In September, Williams quits and returns to his job in studio band at WCMS.
Paul Peek joins on rhythm guitar and just before departure to film "The Girl Can't Help It" movie. Cliff Gallup quits to return to a quieter life at home. Russell Willaford stands in to mime lead guitar in the film. Returning to Nashville to record again, Cliff Gallup agreed to play the sessions, and then quit for good. In November, for a Canadian tour and a residency at the Sands Hotel, Las Vegas (which was terminated early because the band was too successful at diverting attention away from the tables), lead guitar was played by DJ Teddy Crutchfield.
March to December 1957
Gene decides he wants backing vocalists in the band, so Paul Peek drops guitar and Tommy Facenda joins to form a backing vocal duo, "The Clapper Boys" as Gene dubbed them. Bill Mack joins on bass guitar, and Johnny Meeks on lead guitar. After rehearsals, they play a package tour of Ohio in April, then Bobby Lee Jones then replaces Bill Mack on bass guitar. They tour extensively, including Hawaii, Fiji and Australia, and all over the States. In November, they appear live on the Ed Sullivan Show with new 17 year old rhythm guitarist Max Lipscomb. Just before this, Dickie Harrell quit, and was replaced for a few dates by Dude Kahn (Sonny James' drummer), until Dickie is persuaded to return. They play an Alan Freed package show in NY. In late December, Max Lipscomb quits to return to school, and Paul Peek and Tommy Facenda leave to pursue solo careers.
January to April 1958:
Cliff Simmons joins on piano and Grady Owen on rhythm guitar and after more touring, Dickie Harrell quits for good in March. For recording sessions and a film appearance in the "Hot Rod Gang" movie in March, Paul Peek and Tommy facenda are persuaded to return, but Dickie Harrell refuses, and 15 year old Juvez Gomez comes in on drums. More touring...leading to Johnny Meeks, Bobby Lee Jones and Juvez Gomez quitting the band.
May to July 1958:
With a 40 date Canadian tour booked, Max Lipscomb on rhythm guitar, Dude Kahn on drums, and new guitarist Howard Reed join up, with Grady Owen taking over bass guitar. With the tour underway, Dude Kahn split, to be replaced by D J Fontana. Gene decided he wanted some more clapper boys, so Grady Owen and Max Lipscomb switched to this role and Bill Mack returned on bass. This line-up lasted just that tour.

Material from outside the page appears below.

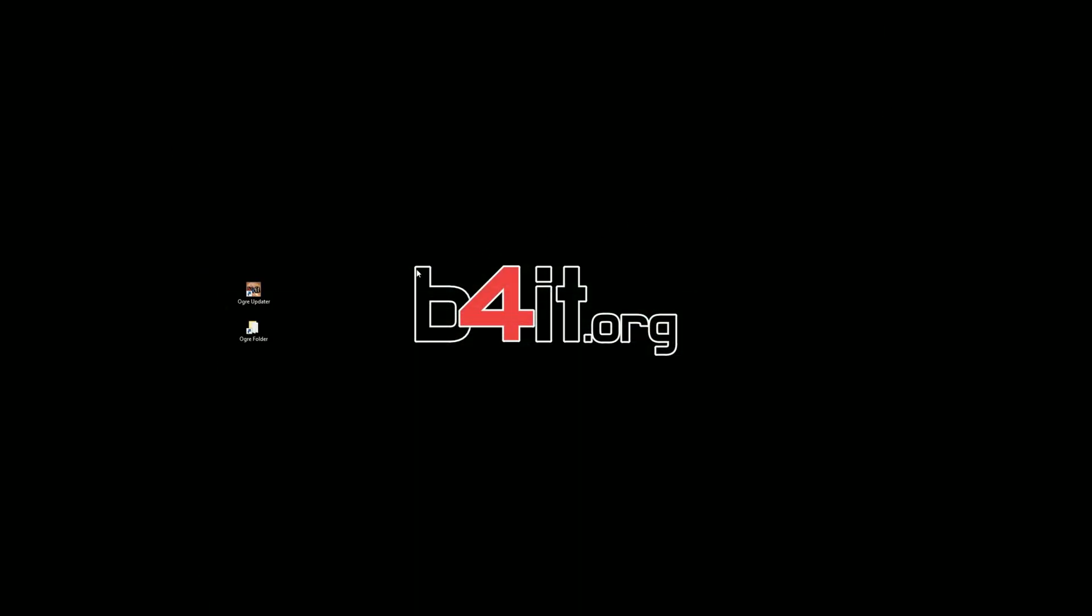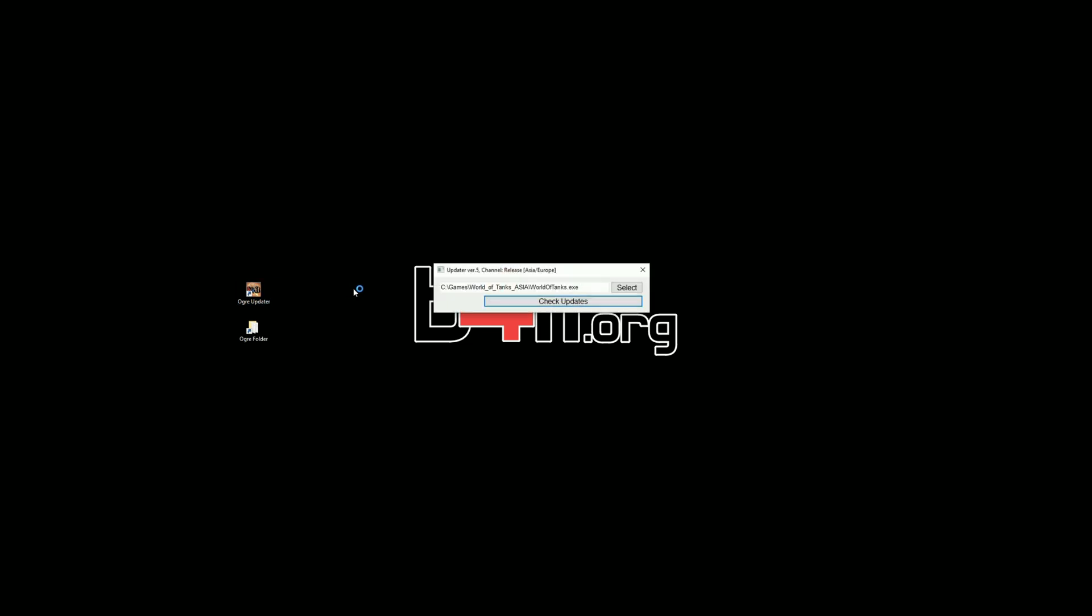The installer created two files on your desktop. Click on ogre updater, then click on check updates. Wait until updating is finished and click start game.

Mid-September to mid-November 1958:
Grady Owen** on bass guitar and Johnny Meeks on lead guitar return, and the final line-up includes Cliff Simmons, who is still in there on piano, plus newcomer Clyde Pennington on drums. They gig, and cut the final records in October, supplemented in the studio by sax players Jackie Kelso and Plas Johnson. They play a few more gigs, and Gene does a "bunk" allegedly owing the band money. The ignominious end of the greatest ever rock 'n' roll band. -courtesy Derek Henderson
WILLIE WILLIAMS. courtesy Britt Hagarty. Willie recalls vividly his first night playing with Gene (before any records were cut): "He came up wearing a cast and sang "Be Bop A Lula" and all the chicks went nuts.""Wee" Willie takes a view of Gene's sudden success and sums it up quite articulately: "Vincent was easy to work with and knew exactly what he was doing. From the minute I met him I found him to be agreeable. There was no arrogance or egotism. He was a guy from relative humble beginnings who was a little bewildered by his sudden success. I thought he handled it pretty well. Though I seem to recall he spent a lot of money."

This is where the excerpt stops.